Many scholars today would not consider the Book of Joshua to be a valid historical document, such as Anne E Kilbrew who wrote in her book Biblical Peoples and Ethnicity, few “accept the Book of Joshua at face value”.

But Tom Meyer, a professor of Bible studies at Shasta Bible College and Graduate School in California, US, has told Express.co.uk there is ample archaeological evidence to validate passages in Joshua.

Professor Meyer has previously spoken about archaeological discoveries linked to the Biblical King Uzziah and the crossing of the Red Sea by Moses.

In particular, Professor Meyer believes archaeological excavations at the site of the Canaanite city of Hazor in northern Israel have yielded discoveries that match passages in Joshua.

The Bible expert said: “Undeniable archaeological evidence pertaining to the Biblical account of Joshua’s destruction of the famous city of Hazor has come to light.

“The ancient site of Hazor is situated nine miles north of the Sea of Galilee and 15 miles southwest of Dan.

“The site is comprised of two distinct areas, the mound proper, covering 30 acres, and a large rectangular lower city of 170 acres.

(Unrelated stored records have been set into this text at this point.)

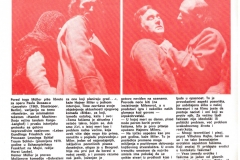 Cement-1981_04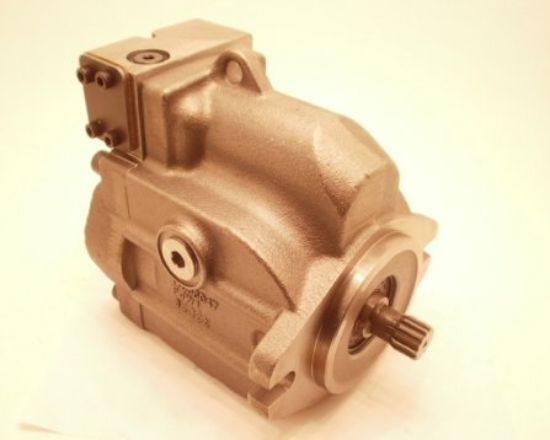 Picture of KRR038C-PC18NNNNN3-C2RGA6NPLBNNN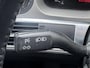 Audi A6 Avant 3.0 TDI quattro Pano Navi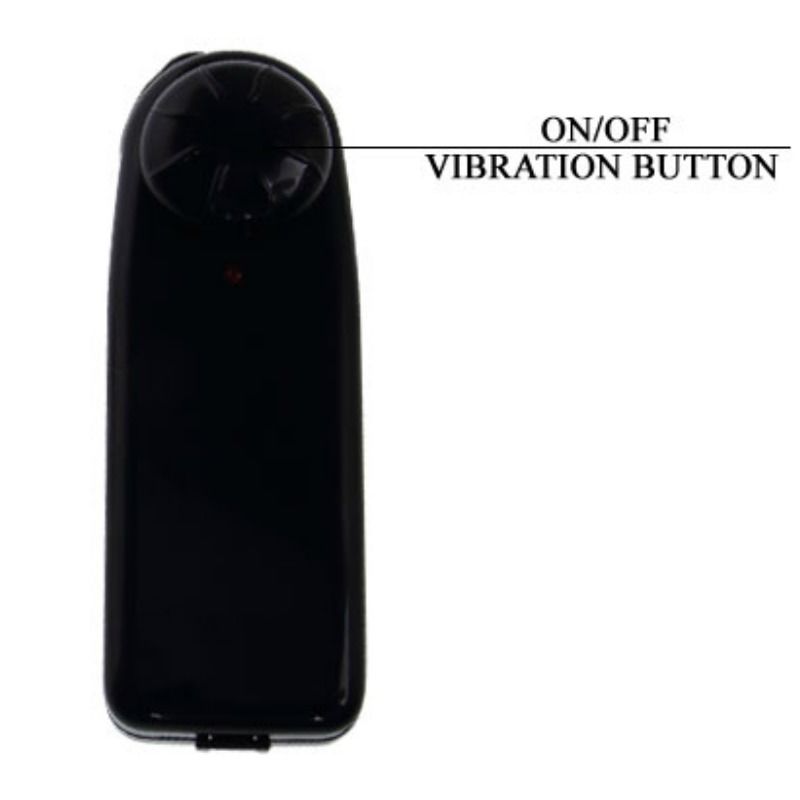 Baile Vibrators-Penis Dildo Vibrator cu Senzație Realistă 6 img 68987 5bbf0afeb0651a0b39a2a282282ee574 1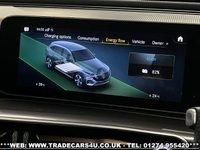 USED 2020 69 MERCEDES-BENZ EQC 0.0 EQC 400 4MATIC AMG LINE PREMIUM 5d 403 BHP UK DELIVERY FLAT FEE &pound;175 (SUBJECT TO DEAL)*OVER 100 IMAGES ON OUR WEBSITE*BESPOKE FINANCE ARRANGED*PART EXCHANGE WELCOME*ALL VEHICLES HPI CLEAR
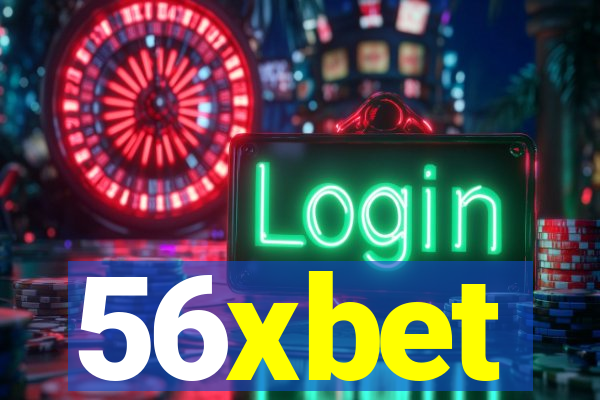 56xbet
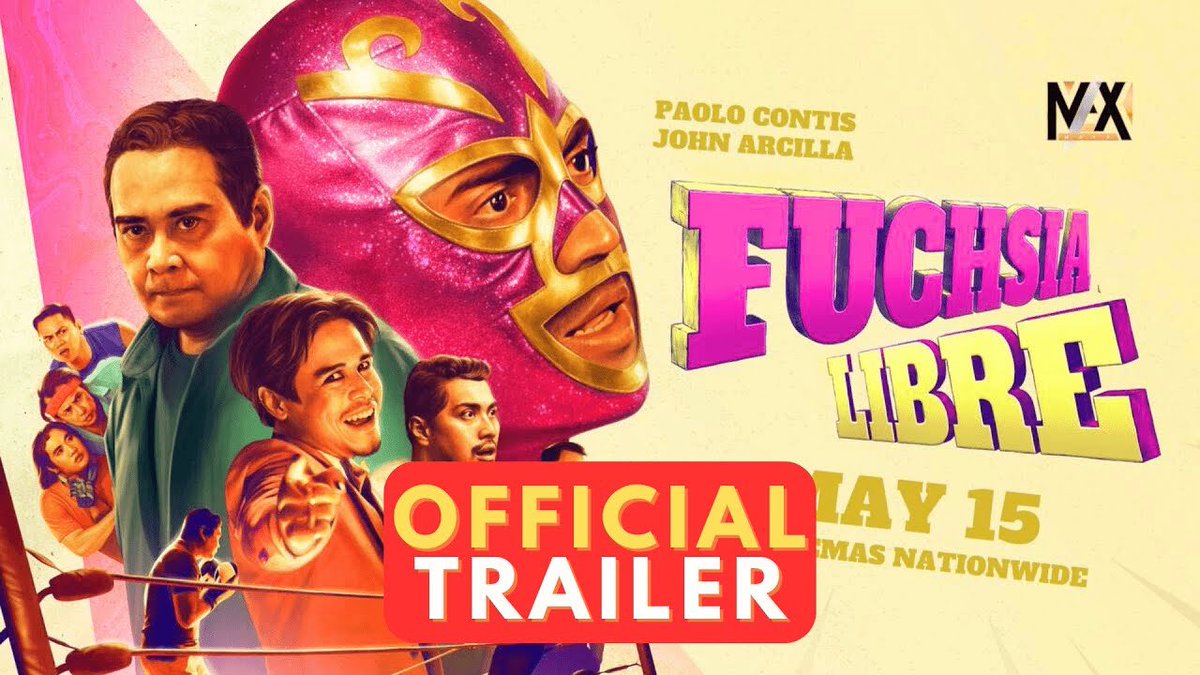 NameisSoni's tweet photo. Streaming Now: Netflix
#ShahmaranSeason2 (Turkish) - SciFi,Mystery - Series (A)
#FuchsiaLibre (Tagalog) - Action,Comedy - Movie (UA)
#TheUmbrellaAcademySeason4 (English) - Action,Adventure - Series (UA)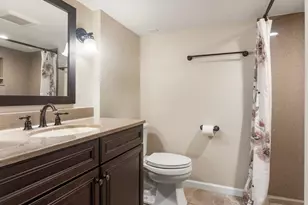 3951 Bowen St, Saint Louis, MO 63116 - Photo 32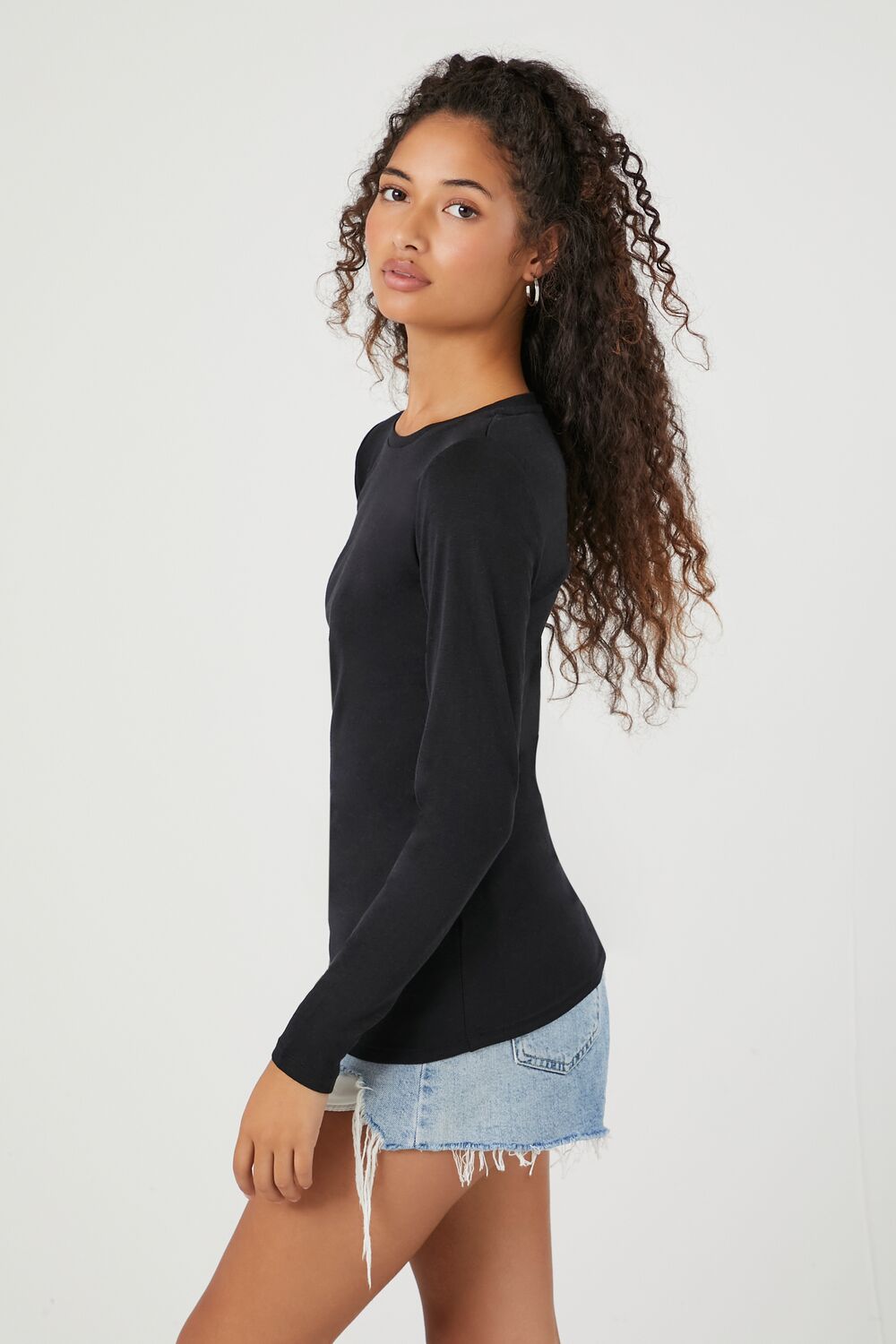 0049498701#Color_BLACK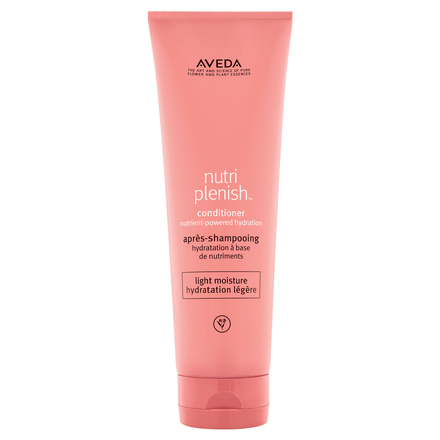 ニュートリプレニッシュ シャンプー ライト | アヴェダ Aveda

“Hazor was a well-established city centuries before the time of Joshua.

“It is first mentioned in the Egyptian Execration Texts from the 19th century.”

Hazor also happens to be the only Canaanite city alongside Dan or Tel-Dan to be mentioned in the so-called Mari documents from the 18th century BC.

Mari was an ancient Semitic state in modern-day Syria that was abandoned in the third century BC.

According to Professor Meyer, Hazor played a key role in the 14th century and, at the time of Joshua, served as a focal point for the northern Canaanite kingdoms.

The Israelites had to conquer the city in order to gain and control and foothold in Canaan.

Professor Meyer said: “According to the Bible, Jabin the king of Hazor gathered many independent northern kings together against Joshua to the waters of Merom for a localized world war of sorts, but Jabin’s confederacy was surprisingly defeated by Joshua’s army.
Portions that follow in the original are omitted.